(Scraped caption text data)

_ _ _ _ _ _ _

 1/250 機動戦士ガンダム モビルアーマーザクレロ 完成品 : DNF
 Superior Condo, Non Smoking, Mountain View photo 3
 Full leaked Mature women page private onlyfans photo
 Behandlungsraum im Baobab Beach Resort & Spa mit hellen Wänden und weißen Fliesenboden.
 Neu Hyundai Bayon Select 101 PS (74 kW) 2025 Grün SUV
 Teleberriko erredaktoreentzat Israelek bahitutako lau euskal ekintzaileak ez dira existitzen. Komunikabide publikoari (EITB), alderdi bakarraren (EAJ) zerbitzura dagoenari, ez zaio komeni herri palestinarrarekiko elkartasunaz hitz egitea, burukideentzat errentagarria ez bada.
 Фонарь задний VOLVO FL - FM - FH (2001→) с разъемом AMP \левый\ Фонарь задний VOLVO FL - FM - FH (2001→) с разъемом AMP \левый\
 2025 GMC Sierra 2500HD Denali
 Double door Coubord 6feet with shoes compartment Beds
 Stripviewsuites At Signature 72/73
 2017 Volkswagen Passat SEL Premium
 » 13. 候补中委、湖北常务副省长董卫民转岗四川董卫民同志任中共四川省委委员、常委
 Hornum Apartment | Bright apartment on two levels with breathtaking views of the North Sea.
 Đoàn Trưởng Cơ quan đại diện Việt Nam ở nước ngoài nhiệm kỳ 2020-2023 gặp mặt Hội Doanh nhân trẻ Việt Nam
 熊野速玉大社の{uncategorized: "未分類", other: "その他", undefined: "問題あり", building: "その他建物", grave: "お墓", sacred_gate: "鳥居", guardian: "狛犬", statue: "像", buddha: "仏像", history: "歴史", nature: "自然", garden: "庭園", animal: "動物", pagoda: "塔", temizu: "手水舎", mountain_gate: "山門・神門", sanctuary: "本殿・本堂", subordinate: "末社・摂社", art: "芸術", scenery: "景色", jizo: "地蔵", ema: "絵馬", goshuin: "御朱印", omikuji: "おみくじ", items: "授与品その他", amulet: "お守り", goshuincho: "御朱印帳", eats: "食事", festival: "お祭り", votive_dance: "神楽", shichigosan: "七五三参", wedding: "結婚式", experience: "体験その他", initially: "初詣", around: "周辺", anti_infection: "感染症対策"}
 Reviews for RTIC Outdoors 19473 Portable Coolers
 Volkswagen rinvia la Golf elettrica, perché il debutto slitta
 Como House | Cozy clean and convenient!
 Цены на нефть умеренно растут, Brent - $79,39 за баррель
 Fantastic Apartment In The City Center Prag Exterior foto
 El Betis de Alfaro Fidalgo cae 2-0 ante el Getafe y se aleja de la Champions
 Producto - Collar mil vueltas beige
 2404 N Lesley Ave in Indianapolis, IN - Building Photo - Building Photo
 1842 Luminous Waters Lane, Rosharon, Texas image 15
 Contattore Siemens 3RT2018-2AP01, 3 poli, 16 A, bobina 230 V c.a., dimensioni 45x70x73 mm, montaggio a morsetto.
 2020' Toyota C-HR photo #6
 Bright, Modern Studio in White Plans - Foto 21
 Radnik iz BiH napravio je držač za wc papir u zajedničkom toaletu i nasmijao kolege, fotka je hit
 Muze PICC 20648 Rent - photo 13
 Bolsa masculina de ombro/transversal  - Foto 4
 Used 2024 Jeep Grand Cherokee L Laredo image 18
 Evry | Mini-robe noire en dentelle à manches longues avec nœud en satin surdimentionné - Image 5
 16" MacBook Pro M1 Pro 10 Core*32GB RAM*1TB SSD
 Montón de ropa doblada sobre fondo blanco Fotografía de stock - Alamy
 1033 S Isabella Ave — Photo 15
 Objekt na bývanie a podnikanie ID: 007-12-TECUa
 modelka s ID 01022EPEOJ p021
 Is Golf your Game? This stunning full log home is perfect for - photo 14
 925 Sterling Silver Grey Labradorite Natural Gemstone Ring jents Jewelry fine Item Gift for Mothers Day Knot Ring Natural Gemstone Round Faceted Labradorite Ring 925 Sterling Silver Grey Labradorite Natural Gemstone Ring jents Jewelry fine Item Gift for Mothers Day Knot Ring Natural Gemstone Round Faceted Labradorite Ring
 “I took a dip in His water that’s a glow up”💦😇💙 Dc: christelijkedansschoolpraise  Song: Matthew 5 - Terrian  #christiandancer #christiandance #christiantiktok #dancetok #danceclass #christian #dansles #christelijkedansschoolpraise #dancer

_ _ _ _ _ _ _

• What to produce
Nothing but the lines from the one containing "2020' Toyota C-HR photo #6" through the last line of the data above should be set down, word for word.

• Solution for this problem
 2020' Toyota C-HR photo #6
 Bright, Modern Studio in White Plans - Foto 21
 Radnik iz BiH napravio je držač za wc papir u zajedničkom toaletu i nasmijao kolege, fotka je hit
 Muze PICC 20648 Rent - photo 13
 Bolsa masculina de ombro/transversal  - Foto 4
 Used 2024 Jeep Grand Cherokee L Laredo image 18
 Evry | Mini-robe noire en dentelle à manches longues avec nœud en satin surdimentionné - Image 5
 16" MacBook Pro M1 Pro 10 Core*32GB RAM*1TB SSD
 Montón de ropa doblada sobre fondo blanco Fotografía de stock - Alamy
 1033 S Isabella Ave — Photo 15
 Objekt na bývanie a podnikanie ID: 007-12-TECUa
 modelka s ID 01022EPEOJ p021
 Is Golf your Game? This stunning full log home is perfect for - photo 14
 925 Sterling Silver Grey Labradorite Natural Gemstone Ring jents Jewelry fine Item Gift for Mothers Day Knot Ring Natural Gemstone Round Faceted Labradorite Ring 925 Sterling Silver Grey Labradorite Natural Gemstone Ring jents Jewelry fine Item Gift for Mothers Day Knot Ring Natural Gemstone Round Faceted Labradorite Ring
 “I took a dip in His water that’s a glow up”💦😇💙 Dc: christelijkedansschoolpraise  Song: Matthew 5 - Terrian  #christiandancer #christiandance #christiantiktok #dancetok #danceclass #christian #dansles #christelijkedansschoolpraise #dancer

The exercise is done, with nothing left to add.